As reported in September, Dominion is looking to sell a non-controlling interest in the 2.6-GW project in order to de-risk it. This process is the final strategic step outstanding in the company’s ongoing business review, which is expected to wrap up by year-end 2023 or early 2024.
On Friday, Dominion reiterated that the development of CVOW continues on time and on budget. According to chairman, president and CEO Robert M. Blue, the project is estimated to save customers over USD 3 billion (EUR 2.8bn) in fuel costs over the first 10 years of operation.
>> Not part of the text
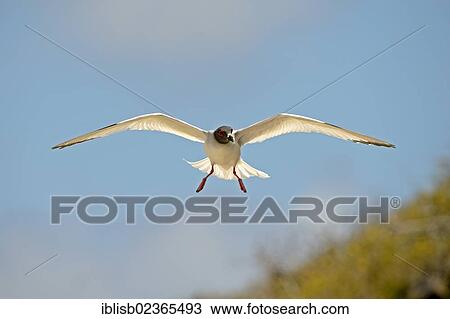 "Swallow-tailed Gull (Creagrus furcatus), Genovesa Island, Galapagos Islands, UNESCO World Natural Heritage Site, Ecuador, South America" View Large Photo Image Stock Image - "Swallow-tailed Gull (Creagrus furcatus), Genovesa Island, Galapagos Islands, UNESCO World Natural Heritage Site, Ecuador, South America". Fotosearch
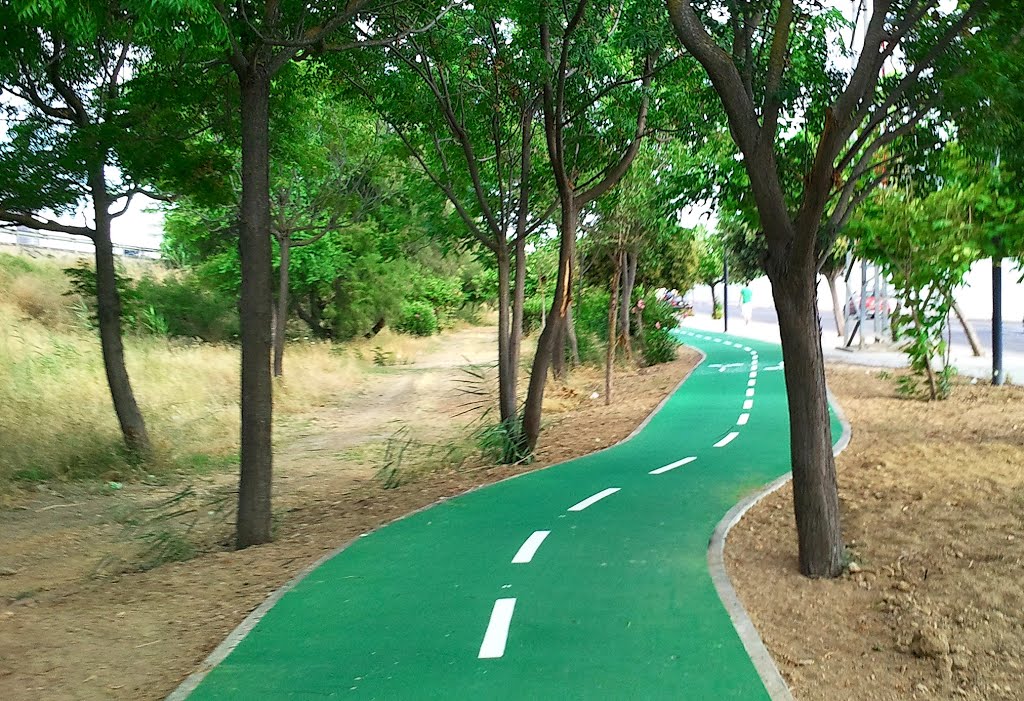 CARRIL BICI ENTRE ARBOLES by ALFONSO OLALLAREAL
“We are in the advanced stages of a process to identify a noncontrolling equity financing partner in the project. The process has driven considerable interest from attractive and high-quality potential counterparties. A properly structured partnership with the right counterparty is an attractive option, but only if the terms of a potential transaction make sense for our customers and shareholders,” Blue stated.
Dominion shared those updates as it reported a third-quarter 2023 GAAP net profit of USD 163 million, or USD 0.17 per share, down from USD 778 million, or USD 0.91 apiece, a year earlier. Non-GAAP operating earnings for July-September 2023 declined to USD 667 million, or USD 0.77 per share, from USD 847 million, or USD 0.99 a share, in the same period of 2022.
For the fourth quarter of the year, Dominion forecasts operating earnings of about USD 0.35 per share, based on normal weather in its utility service areas.